So I was adding support for handling next/redo/last exceptions to PCT's loops the other day, and I hit a weird bug. Here's the patch.

The problem is approximately this:

$I0 = defined, stuff_to_loop_over
unless $I0, for_loop_end
push_eh for_loop_next
...
for_loop_end:
pop_eh

I'm adding the error handler there after a conditional jump, but popping the error handler off after the target of that jump, but I didn't notice this at the time. That's going to at least cause bugs at runtime, but this also caused the PIR compiler to hang. I beat my head against it for a while, posted a bug about it, and went to sleep.

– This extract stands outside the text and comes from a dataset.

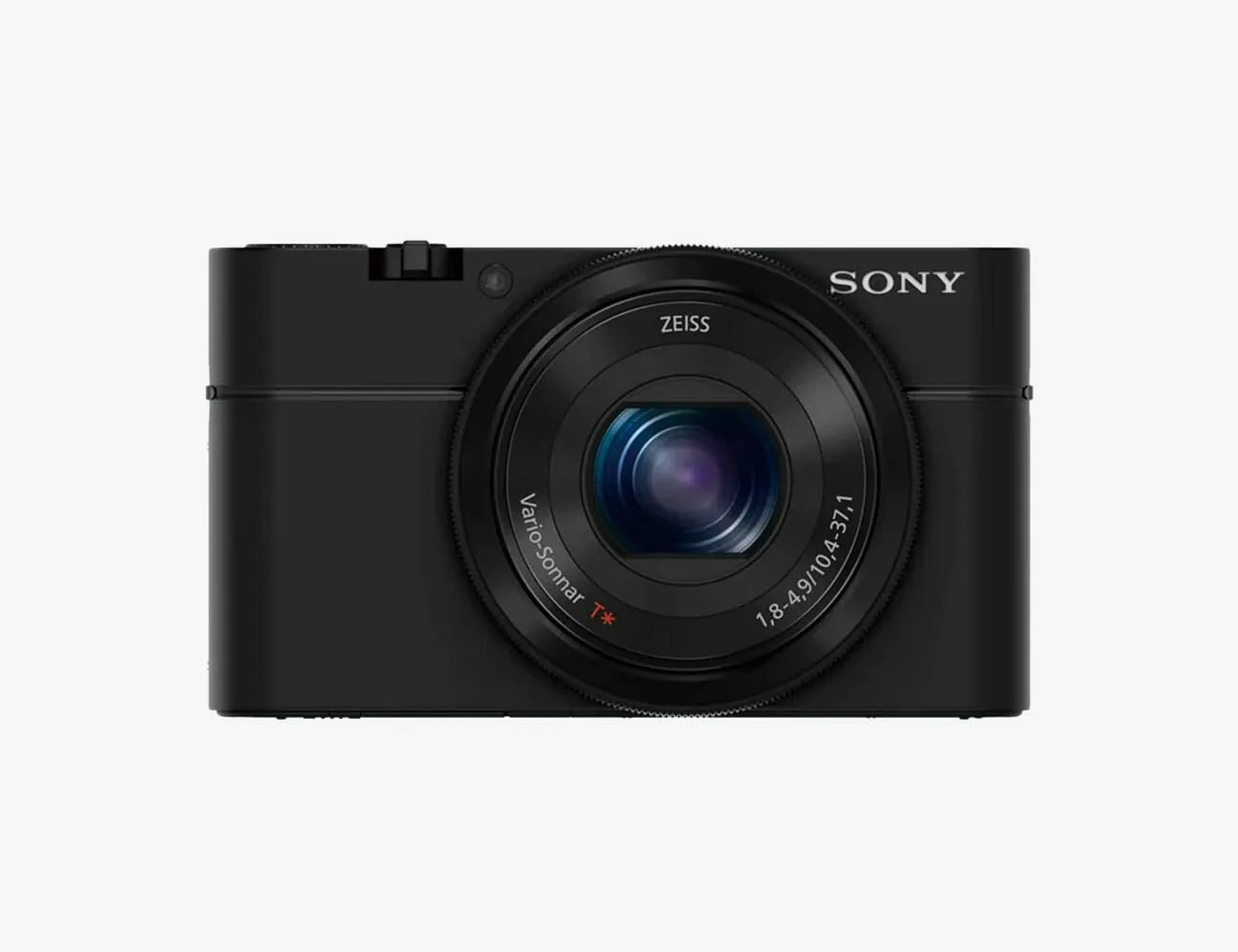 Sony-RX100-Series-gear-patrol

The next day, I used valgrind's callgrind tool to find where it was spending it's time. The output is:

--------------------------------------------------------------------------------
            Ir  file:function
--------------------------------------------------------------------------------
13,455,028,108  /home/sweeks/src/parrot/compilers/imcc/sets.c:set_add [/home/sweeks/src/parrot/blib/lib/libparrot.so.0.7.1]
11,209,537,812  /home/sweeks/src/parrot/compilers/imcc/cfg.c:compute_dominance_frontiers [/home/sweeks/src/parrot/blib/lib/libparrot.so.0.7.1]
   135,234,114  /home/sweeks/src/parrot/compilers/imcc/imclexer.c:yylex [/home/sweeks/src/parrot/blib/lib/libparrot.so.0.7.1]
   128,962,606  /home/sweeks/src/parrot/compilers/imcc/sets.c:set_contains [/home/sweeks/src/parrot/blib/lib/libparrot.so.0.7.1]
    88,825,729  /home/sweeks/src/parrot/compilers/imcc/imcparser.c:yyparse [/home/sweeks/src/parrot/blib/lib/libparrot.so.0.7.1]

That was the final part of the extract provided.